In October 2003, we completed our purchase of approximately 26.1 usable acres of land for the construction of our new corporate complex.  The new complex provides us with the potential for up to 800,000 square feet of space, to be constructed in phases as needed.  The first phase, which is now complete, provides us with approximately 350,000 square feet of space.  The total cost of the land and the construction of the first phase was approximately $110.0 million.  As of October 2006, we had relocated all of our operations to the new corporate complex.  From time to time we will continue to evaluate the need to commence the next phase of construction of our corporate complex. We also will continue to evaluate the purchase of additional land or improved facilities to meet our future business needs.  We expect our future occupancy costs to increase primarily due to increased square footage for our operations.

Should there be a downturn in our business or the markets in which we compete, we may not have a need to expand our facilities as we have planned.  As a result, we may then seek an alternative use for all or a portion of some or all of our property, or seek to sell some or all of our property, which may have a negative impact on our operating results.  We have, and may continue to experience unanticipated decreases in productivity and other losses due to inefficiencies relating to any such transition, or delays in obtaining any required approvals or clearances from regulatory agencies related to the validation of any new manufacturing facilities.  For instance, the scale-up of manufacturing at our new corporate complex has, and could continue to result in lower than expected manufacturing output and higher than expected product costs.  In addition, we have and expect to incur some duplicate facilities expenses, such as rent, as we are transferring our operations in stages to the new corporate complex.
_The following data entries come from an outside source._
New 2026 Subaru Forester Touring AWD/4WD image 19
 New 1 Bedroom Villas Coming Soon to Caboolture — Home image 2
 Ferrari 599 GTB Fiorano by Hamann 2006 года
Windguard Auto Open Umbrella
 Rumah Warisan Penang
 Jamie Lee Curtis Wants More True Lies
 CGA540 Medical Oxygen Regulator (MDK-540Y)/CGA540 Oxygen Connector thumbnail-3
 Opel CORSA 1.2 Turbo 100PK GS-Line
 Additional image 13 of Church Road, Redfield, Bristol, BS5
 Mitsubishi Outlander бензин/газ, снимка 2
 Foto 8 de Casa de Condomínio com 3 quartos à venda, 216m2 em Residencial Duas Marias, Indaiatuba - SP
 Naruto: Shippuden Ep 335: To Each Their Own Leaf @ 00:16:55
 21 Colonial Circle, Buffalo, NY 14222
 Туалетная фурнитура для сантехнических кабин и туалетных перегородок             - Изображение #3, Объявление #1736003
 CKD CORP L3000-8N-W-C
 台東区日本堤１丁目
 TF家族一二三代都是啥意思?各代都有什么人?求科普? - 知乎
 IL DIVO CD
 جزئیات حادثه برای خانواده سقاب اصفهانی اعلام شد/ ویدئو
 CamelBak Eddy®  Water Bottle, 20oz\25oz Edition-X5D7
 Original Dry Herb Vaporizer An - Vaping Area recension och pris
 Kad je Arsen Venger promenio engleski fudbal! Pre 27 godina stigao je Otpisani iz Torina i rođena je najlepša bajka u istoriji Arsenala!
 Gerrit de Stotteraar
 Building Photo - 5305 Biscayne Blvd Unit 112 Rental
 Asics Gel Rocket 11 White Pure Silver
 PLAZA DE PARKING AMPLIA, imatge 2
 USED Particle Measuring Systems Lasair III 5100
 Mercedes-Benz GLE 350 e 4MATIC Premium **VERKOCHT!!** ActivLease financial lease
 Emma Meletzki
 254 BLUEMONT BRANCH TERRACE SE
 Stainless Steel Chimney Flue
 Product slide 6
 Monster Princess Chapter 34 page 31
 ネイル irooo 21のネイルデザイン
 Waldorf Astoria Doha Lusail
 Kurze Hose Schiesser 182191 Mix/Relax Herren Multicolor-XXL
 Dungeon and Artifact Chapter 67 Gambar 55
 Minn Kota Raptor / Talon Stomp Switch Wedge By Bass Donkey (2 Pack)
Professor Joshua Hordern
The San Diego Airport Authority has issued a draft of proposed changes to land uses, such as restrictions on maximum building heights, personnel densities and hazardous materials storage, in areas surrounding airports throughout San Diego County.  Several of these changes, if approved, could potentially negatively impact our ability to construct our corporate complex as we currently plan.  In that case, we may need to alter our development plans for the remainder of our corporate complex.  However, any such regulatory changes are still in the early stages and it is not possible for us to predict whether any changes will be adopted or implemented, and whether such changes could adversely impact our corporate complex.

Long-lived and intangible assets may become impaired and result in an impairment charge.

At September 30, 2006, we had approximately $181.0 million of long-lived assets, including $31.1 million of land, $81.8 million of buildings and improvements, $351,000 of building construction-in-progress, $45.0 million of equipment, furniture and fixtures and $13.6 million of capitalized license rights and other assets.  Buildings, building improvements, equipment, intangible assets and certain other long-lived assets are amortized or depreciated over their useful lives.  In San Diego, we have one building lease that expires in December 2006.  The carrying amounts of long-lived and intangible assets are affected whenever events or changes in circumstances indicate that the carrying amount of an asset may not be recoverable.  Such events or changes might include a significant decline in market share, a significant decline in profits, rapid changes in technology, significant litigation or other matters.  Adverse events or changes in circumstances may affect the estimated undiscounted future operating cash flows expected to be derived from long-lived and intangible assets. In the event impairment exists, an impairment charge would be determined by comparing the carrying amount of the asset to the applicable estimated future cash flows, discounted at a risk-adjusted interest rate. An impairment charge may result in a material adverse effect on our operating results.  In addition, the remaining amortization period for the impaired asset would be reassessed and revised if necessary.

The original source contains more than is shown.